É claro que os dois renascidos vão se enfrentar e tudo mais, mas o que realmente responde pelo bom nível do gibi é a habilidade do mangaká em trabalhar a chegada até esse clímax inevitável. Colaboram bastante para isso as contínuas intervenções de personagens tridimensionais, que poderiam ser nossos vizinhos e colegas de trabalho. Em mãos menos capazes, a história certamente descambaria para um roteiro preso ao dualismo maniqueísta, mas – para nossa alegria – podemos desfrutar de diversos e interessantes pontos de vista sobre o conflito entre os protagonistas. O percurso até essa rota de colisão é pontuado por passagens violentas e viscerais, que evidenciam o desejo do autor em despertar catarse no leitor, cuja experiência poderá ser qualquer descrita por quaisquer das sensações, menos a de indiferença.

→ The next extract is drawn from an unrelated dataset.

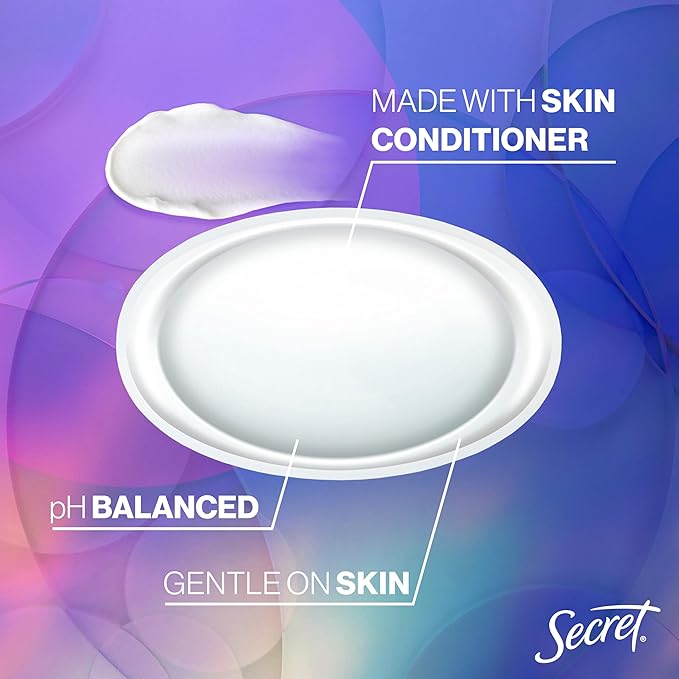 Secret Fresh Antiperspirant Deodorant for Women, 72hr Breathable Sweat & Odor Protection, Instant Freshness & Gentle, PH Balancing Minerals, Invisible Solid, Moonlight Orchid Scent, 2.6 oz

Boa sacada do autor foi imaginar uma realidade em que o vilão consegue adentrar os celulares das vítimas e atacá-las tão facilmente como se tivesse meramente girado uma maçaneta. E, sim, trata-se de uma sutil metáfora para os malefícios que esse aparelhinho viciante e aparentemente imprescindível tem trazido para nossa sociedade. A capacidade de Shishigami de invadir eletronicamente a casa das vítimas é um bom exemplo de como as máquinas estão cada vez mais tomando as rédeas de nosso cotidiano a despeito de nossa vontade. Duvida? Tente impedir seu celular de fazer uma atualização do sistema operacional. Não conseguiu? Nem eu.
Agora, tenho de confessar que todo esse poder do Shishigami me deu uma baita inveja. Imagina conseguir fazer o que ele faz e localizar o endereço físico de todas as pessoas que se utilizam do anonimato na rede para falar e praticar barbaridades? Sabe aqueles sujeitos que são muito valentes para dizer tudo que pensam porque têm a certeza de que não poderão ser encontrados? Bem, digamos que neste mangá o ditado popular “quem fala o que quer, ouve o que não quer” será pago com juros e correção monetária.
Parasyte – Nowhere to run. Nowhere to hide.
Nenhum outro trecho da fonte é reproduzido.